All of the entries must be reproduced exactly, with no images carried over.

* **Captioned web image data**
[Start of section]
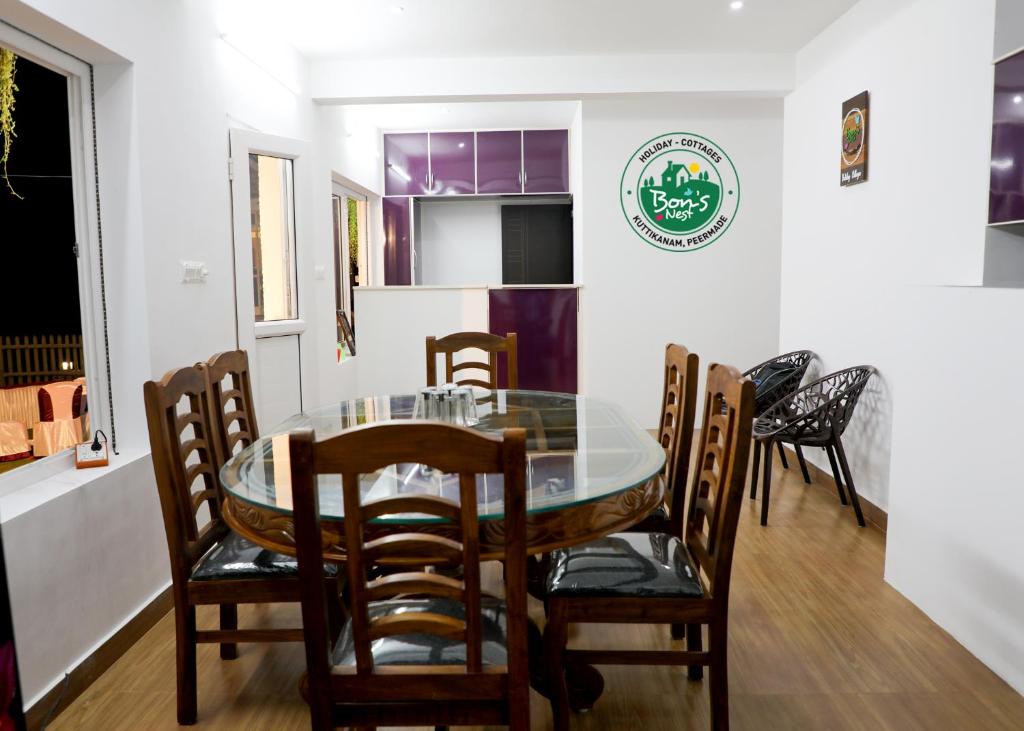 BonsNest Holiday Homes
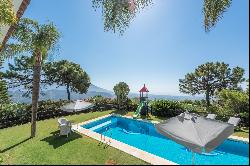 La Zagaleta Luxury Villa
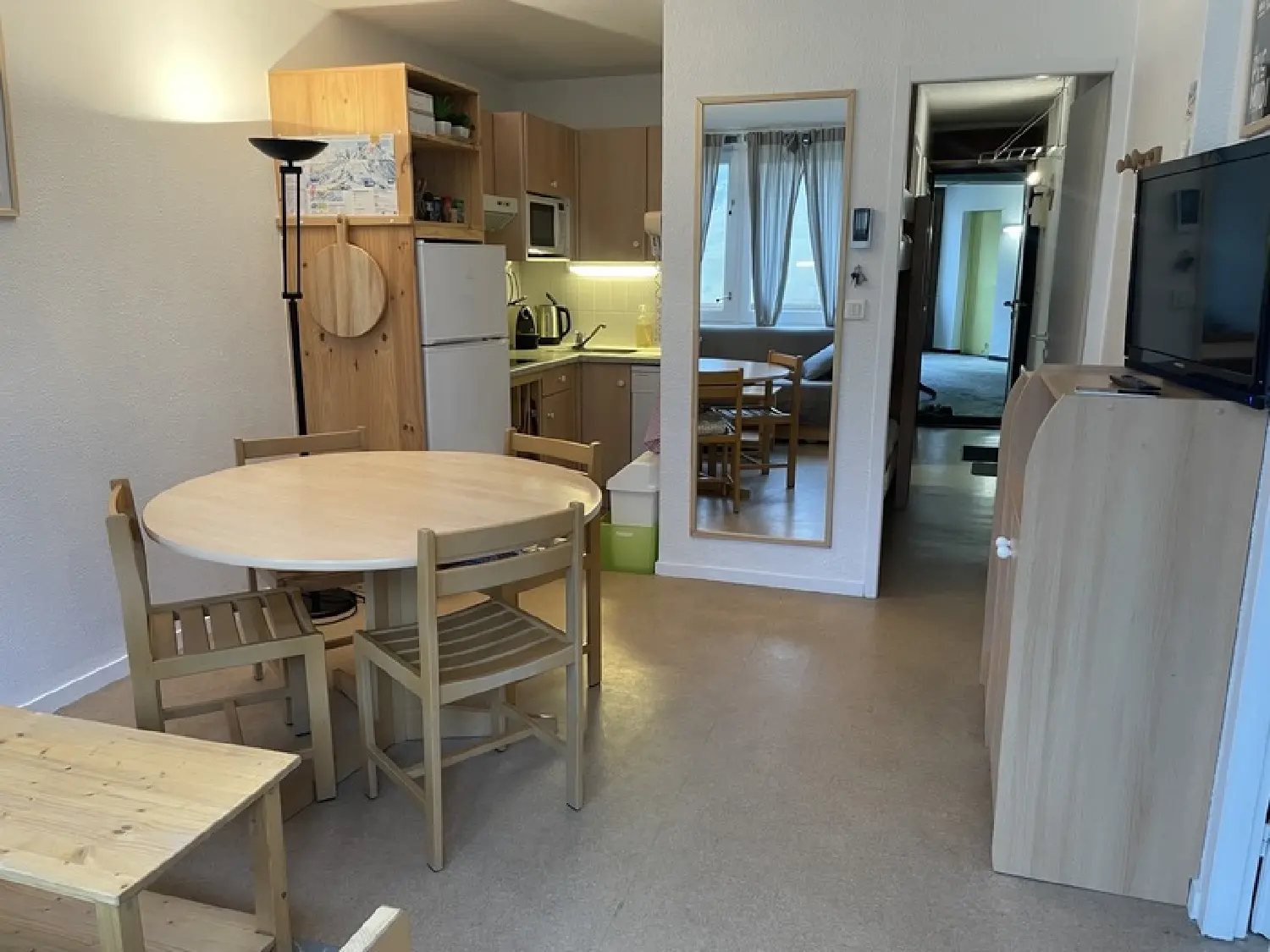  à vendre appartement Antist Hautes-Pyrénées 4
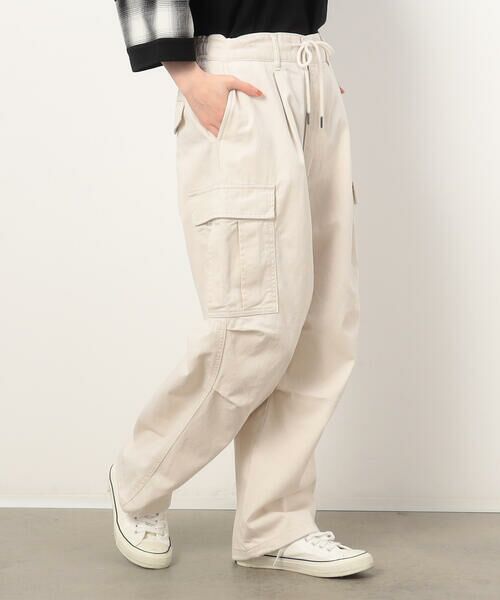 新品未使用 TATRAS カーゴパンツ 平成 テック ノームコア y2k 新品未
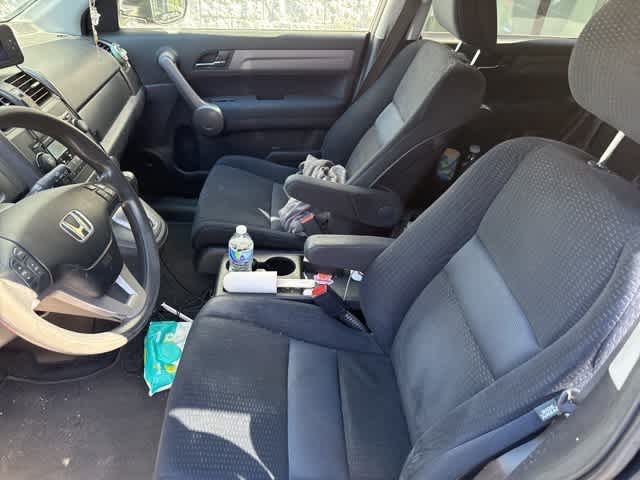 Thumbnail: 2008 Honda CR-V - 11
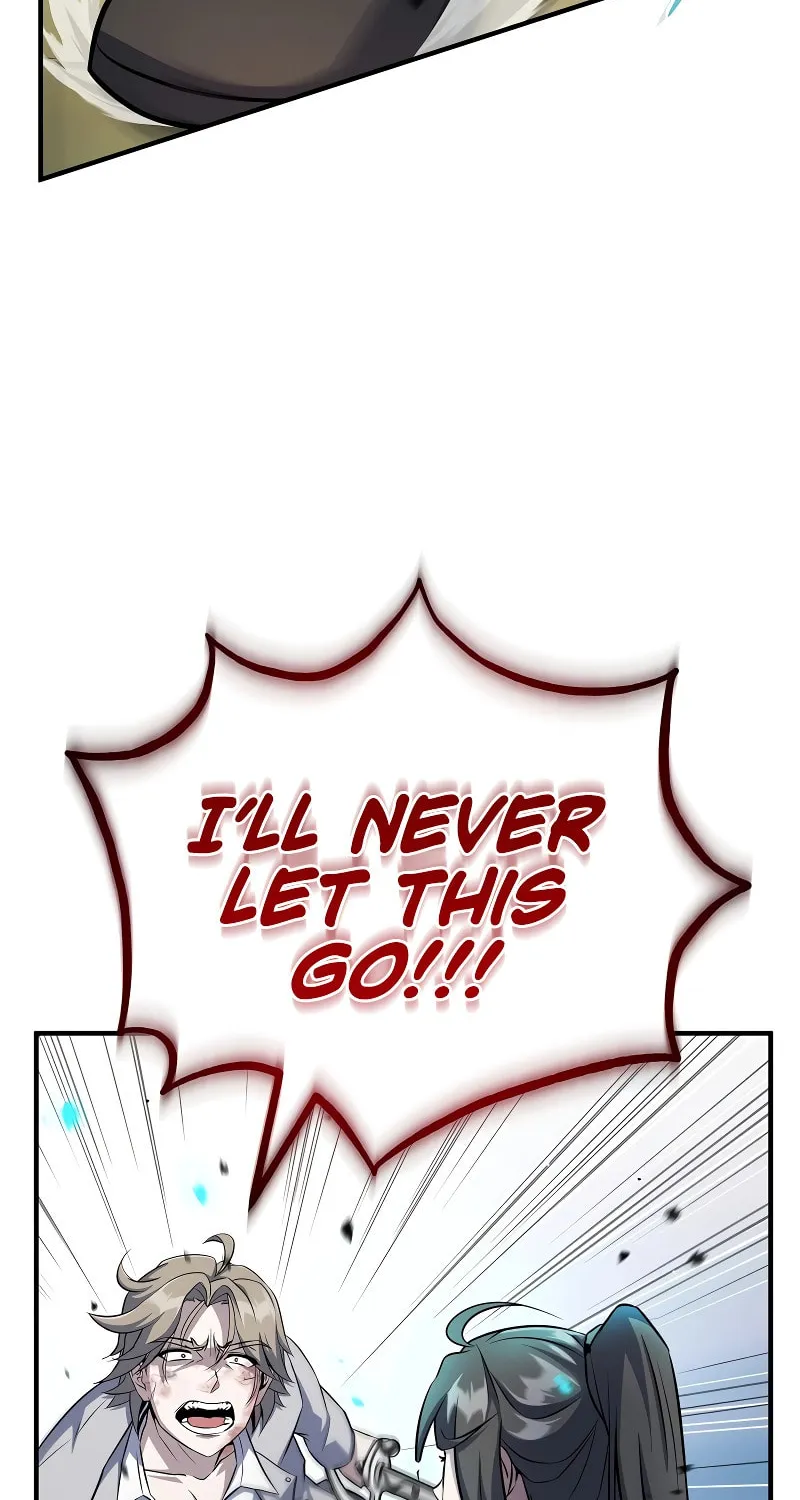 The Main Characters That Only I Know Chapter 31 page 50 -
[End of section]
* **Output of the task**
 BonsNest Holiday Homes
 La Zagaleta Luxury Villa
  à vendre appartement Antist Hautes-Pyrénées 4
 新品未使用 TATRAS カーゴパンツ 平成 テック ノームコア y2k 新品未
 Thumbnail: 2008 Honda CR-V - 11
 The Main Characters That Only I Know Chapter 31 page 50 -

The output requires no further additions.